Je m’interrogeais dans un précédent billet sur les résultats d’une étude qui tendrait à démontrer que les comportements égoïstes au volant conduisent à une situation sous-optimale où chaque conducteur paie « le prix de l’anarchie ». La piste avancée par les auteurs de l’étude consiste à préconiser de fermer des routes plutôt que d’en ouvrir de nouvelles pour décongestionner le trafic – une idée contre-intuitive qui mérite qu’on s’y arrête.
L’idée sous-jacente est donc de réduire « le prix de l’anarchie » en réduisant la liberté de choix offerte à chacun, au moyen de contraintes supplémentaires (fermetures de routes) imposées par les autorités. Pourtant, me disais-je, le développement de nouvelles technologies de type GPS ne fait-il pas voler en éclats ce modèle ?
Raccourci par les nouvelles technologies
L’utilisation de nouveaux outils de conduite de type GPS a pour principal avantage de permettre à chaque conducteur de maximiser l’efficacité de sa stratégie de conduite personnelle. Il peut déterminer à l’avance quel est le chemin le plus court et/ou le plus rapide pour aller d’un point A à un point B. L’actualisation de son trajet en temps réel sur son ordinateur de bord, enrichi d’informations contextuelles (état du trafic, routes fermées à la circulation, etc.) lui permet de plus d’adapter son trajet en fonction des obstacles qu’il rencontre sur sa route.
Quelle serait la place et le rôle d’un tel outil dans le modèle développé par les auteurs de l’étude citée précédemment ? La logique voudrait que ces outils renforcent le selfish driving, en rendant plus efficaces les stratégies individuelles, et, en conséquence, plus nocives encore leur impact sur l’équilibre collectif. Il n’y aurait donc aucun progrès à attendre de ce coté-là.
Petit détour par le phénomène des « flash mobs »

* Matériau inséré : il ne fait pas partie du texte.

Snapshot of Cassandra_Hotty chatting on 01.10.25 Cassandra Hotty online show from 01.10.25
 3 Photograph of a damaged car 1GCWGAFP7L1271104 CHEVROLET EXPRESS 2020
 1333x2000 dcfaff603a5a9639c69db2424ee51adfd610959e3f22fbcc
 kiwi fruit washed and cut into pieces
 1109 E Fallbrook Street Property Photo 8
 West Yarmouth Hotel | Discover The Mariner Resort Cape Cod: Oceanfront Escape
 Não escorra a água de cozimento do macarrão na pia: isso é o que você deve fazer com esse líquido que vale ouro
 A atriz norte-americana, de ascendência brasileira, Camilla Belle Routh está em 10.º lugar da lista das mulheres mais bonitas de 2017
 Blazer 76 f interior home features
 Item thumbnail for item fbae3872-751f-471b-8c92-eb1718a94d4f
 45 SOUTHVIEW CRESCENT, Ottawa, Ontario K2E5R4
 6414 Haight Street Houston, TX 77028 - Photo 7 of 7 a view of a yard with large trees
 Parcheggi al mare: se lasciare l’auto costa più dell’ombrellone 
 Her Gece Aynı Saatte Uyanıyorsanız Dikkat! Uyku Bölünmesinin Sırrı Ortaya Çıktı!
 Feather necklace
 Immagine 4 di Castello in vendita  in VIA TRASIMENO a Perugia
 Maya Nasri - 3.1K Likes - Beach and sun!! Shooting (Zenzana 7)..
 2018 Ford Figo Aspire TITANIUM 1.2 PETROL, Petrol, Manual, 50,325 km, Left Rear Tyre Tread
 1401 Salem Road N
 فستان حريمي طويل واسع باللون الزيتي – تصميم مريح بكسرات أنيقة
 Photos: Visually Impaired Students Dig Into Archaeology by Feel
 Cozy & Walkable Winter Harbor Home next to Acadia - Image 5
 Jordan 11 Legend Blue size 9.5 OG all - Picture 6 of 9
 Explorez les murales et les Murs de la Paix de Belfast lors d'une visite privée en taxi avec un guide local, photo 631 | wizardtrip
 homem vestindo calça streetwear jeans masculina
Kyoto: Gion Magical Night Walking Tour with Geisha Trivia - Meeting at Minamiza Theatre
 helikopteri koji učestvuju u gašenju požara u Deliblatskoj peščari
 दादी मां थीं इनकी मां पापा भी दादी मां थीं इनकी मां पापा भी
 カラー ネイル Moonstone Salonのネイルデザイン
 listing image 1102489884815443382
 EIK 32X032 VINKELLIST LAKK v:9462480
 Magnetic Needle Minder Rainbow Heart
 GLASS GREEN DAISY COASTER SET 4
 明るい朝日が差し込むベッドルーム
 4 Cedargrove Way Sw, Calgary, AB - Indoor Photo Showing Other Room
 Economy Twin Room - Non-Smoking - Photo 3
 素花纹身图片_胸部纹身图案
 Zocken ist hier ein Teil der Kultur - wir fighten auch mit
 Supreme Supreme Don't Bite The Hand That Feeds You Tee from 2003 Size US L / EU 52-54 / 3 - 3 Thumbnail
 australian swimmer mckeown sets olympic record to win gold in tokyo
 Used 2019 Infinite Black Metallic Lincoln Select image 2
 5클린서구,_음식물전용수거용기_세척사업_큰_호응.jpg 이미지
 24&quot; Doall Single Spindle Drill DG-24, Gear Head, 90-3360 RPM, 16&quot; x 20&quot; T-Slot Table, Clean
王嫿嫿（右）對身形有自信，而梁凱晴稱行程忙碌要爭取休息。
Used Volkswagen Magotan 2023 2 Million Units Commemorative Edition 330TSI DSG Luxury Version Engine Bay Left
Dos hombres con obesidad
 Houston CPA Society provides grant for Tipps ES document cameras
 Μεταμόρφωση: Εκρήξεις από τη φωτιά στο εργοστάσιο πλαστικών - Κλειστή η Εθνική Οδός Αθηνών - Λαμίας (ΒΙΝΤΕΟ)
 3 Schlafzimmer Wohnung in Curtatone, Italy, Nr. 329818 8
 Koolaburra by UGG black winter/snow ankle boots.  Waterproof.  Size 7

J’ai terminé il y a peu de temps la lecture de l’essai « La ville en fête et en délire », de Valérie Châtelet, publié dans le recueil Fresh Théorie III (paru en 2007). Il y est question des flash mobs (« groupes de gens qui s’assemblent dans un lieu public où ils se comportent de manière déconcertante mais concertée ») et de leur signification depuis leur apparition en 2003. Incidemment, quatre ans après son apparition, déjà objet d’étude, le phénomène semblait également devenir has been (en 2009, c’est bien pire. La preuve : Alain Afflelou en a fait le gimmick de sa nouvelle campagne télé).
Dans son essai, Valérie Châtelet s’extasie sur la réinvention des villes et des modes de vie citadins que permettent les nouvelles technologies. Les flash mobs sont emblématiques car elles doivent dans une large mesure leur existence aux possibilités offertes par la téléphonie mobile. Elles constituent le modèle de nouvelles formes d’organisation collective possibles qui permettraient de remettre de l’intelligence au coeur des foules et de leurs comportements (Smart Mobs = foules intelligentes). De nouvelles stratégies d’urbanisme, qualifiées d’open source, pourraient voir le jour sur ces bases.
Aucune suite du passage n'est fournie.